We see that assigning static_field tells JAX not to regard the attribute as leaf of the PyTree.

Metadata

To determine the parameter domain and trainable statuses of each parameter, the Module stores metadata for each leaf of the PyTree. This metadata is defined through a dataclasses.field. Thus, under the hood, we can define our RBF kernel object (equivalent to before) manually as follows:

from dataclasses import field


@dataclass
class RBF(Module):
    lengthscale: float = field(
        default=1.0, metadata={"bijector": tfb.Softplus(), "trainable": True}
    )
    variance: float = field(
        default=1.0, metadata={"bijector": tfb.Softplus(), "trainable": True}
    )

    def covariance(self, x: jax.Array, y: jax.Array) -> jax.Array:
        return self.variance * jnp.exp(-0.5 * ((x - y) / self.lengthscale) ** 2)

Here the metadata in the dataclasses.field, defines the metadata we associate with each PyTree leaf. This metadata can be a dictionary of any attributes we wish to store about each leaf. For example, we could extend this further by introducing a name attribute:

from dataclasses import field


@dataclass
class RBF(Module):
    lengthscale: float = field(
        default=1.0,
        metadata={"bijector": tfb.Softplus(), "trainable": True, "name": "lengthscale"},
    )
    variance: float = field(
        default=1.0,
        metadata={"bijector": tfb.Softplus(), "trainable": True, "name": "variance"},
    )

    def covariance(self, x: jax.Array, y: jax.Array) -> jax.Array:
        return self.variance * jnp.exp(-0.5 * ((x - y) / self.lengthscale) ** 2)

We can trace the metadata defined on the class via meta_leaves.

from gpjax.base import meta_leaves

rbf = RBF()

meta_leaves(rbf)

[({'bijector': <tfp.bijectors.Softplus 'softplus' batch_shape=[] forward_min_event_ndims=0 inverse_min_event_ndims=0 dtype_x=? dtype_y=?>,
   'trainable': True,
   'name': 'lengthscale'},
  1.0),
 ({'bijector': <tfp.bijectors.Softplus 'softplus' batch_shape=[] forward_min_event_ndims=0 inverse_min_event_ndims=0 dtype_x=? dtype_y=?>,
   'trainable': True,
   'name': 'variance'},
  1.0)]

Similar to jax.tree_utils.tree_leaves, this function returns a flattened PyTree.
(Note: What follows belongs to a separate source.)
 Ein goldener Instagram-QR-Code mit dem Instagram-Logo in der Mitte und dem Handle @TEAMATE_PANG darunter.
However, instead of just the values, it returns a list of tuples that contain both the metadata and value of each PyTree leaf. This traced metadata can be utilised for applying maps (how constrain, unconstrain, stop_gradient work), as described in the next section.

Metamap

The constrain, unconstrain, and stop_gradient methods on the Module use a meta_map function under the hood. This function enables us to apply metadata functions to the PyTree leaves, making it a powerful tool.
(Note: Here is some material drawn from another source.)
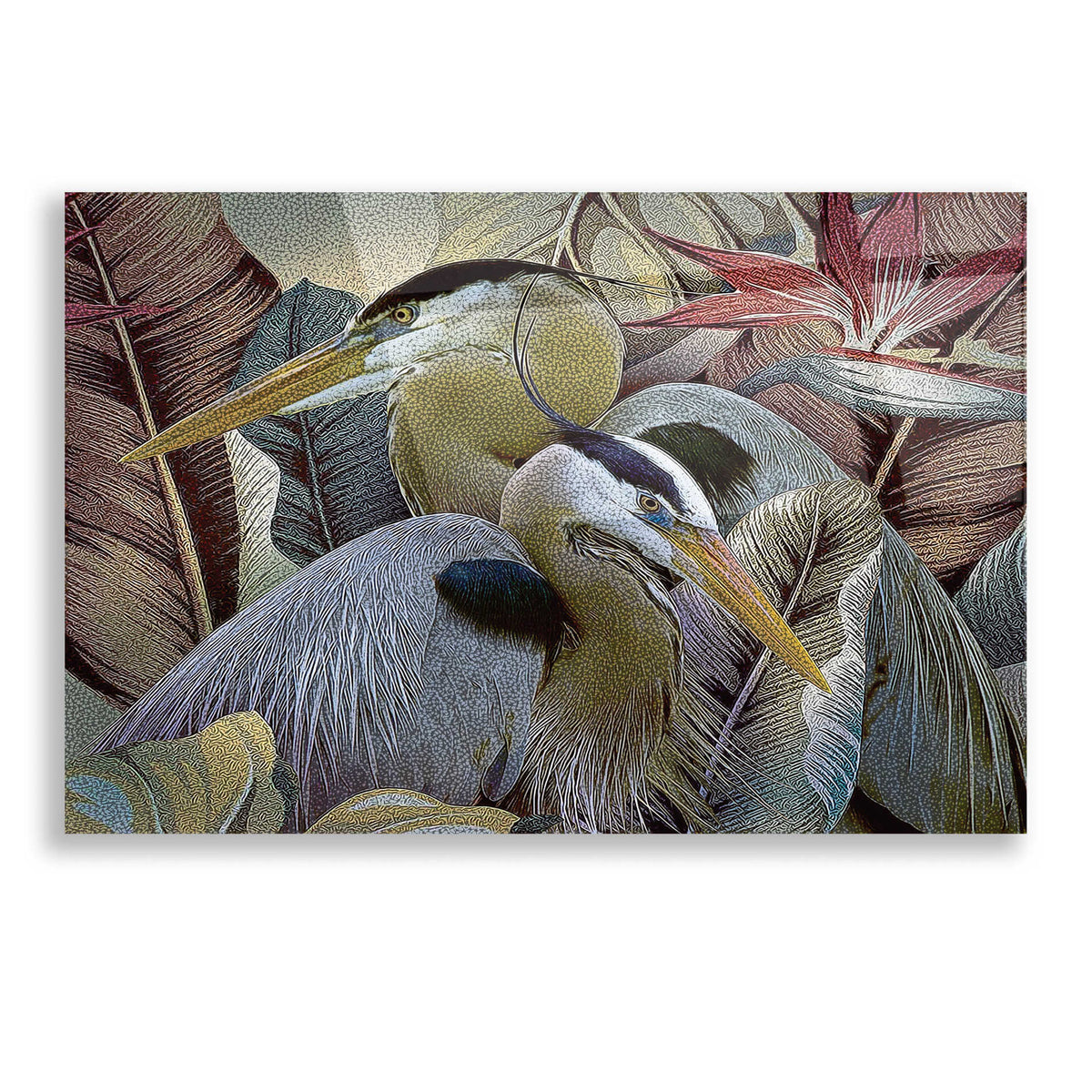 Epic Art 'Two to Tango' by Steve Hunziker, Acrylic Glass Wall Art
To achieve this, the function involves the same tracing as meta_leaves to create a flattened list of tuples consisting of (metadata, leaf value). However, it also allows us to apply a function to this list and return a new transformed PyTree, as demonstrated in the examples that follow.

Filter example:

A meta_map works similarly to jax.tree_utils.tree_map. However, it differs in that it allows us to define a function that operates on the tuple (metadata, leaf value). For example, we could use a function to filter based on a name attribute.

from gpjax.base import meta_map


def filter_lengthscale(meta_leaf):
    meta, leaf = meta_leaf
    if meta.get("name", None) == "lengthscale":
        return 3.14
    else:
        return leaf


print(meta_map(filter_lengthscale, rbf))

RBF(lengthscale=3.14, variance=1.0)

How `constrain` works:

To apply a constrain, we filter on the attribute "bijector", and apply a forward transformation to the PyTree leaf:

# This is how constrain works! ⛏
def _apply_constrain(meta_leaf):
    meta, leaf = meta_leaf

    if meta is None:
        return leaf

    return meta.get("bijector", tfb.Identity()).forward(leaf)


meta_map(_apply_constrain, rbf)

RBF(lengthscale=Array(1.3132617, dtype=float32), variance=Array(1.3132617, dtype=float32))

As expected, we find the same result as calling rbf.constrain().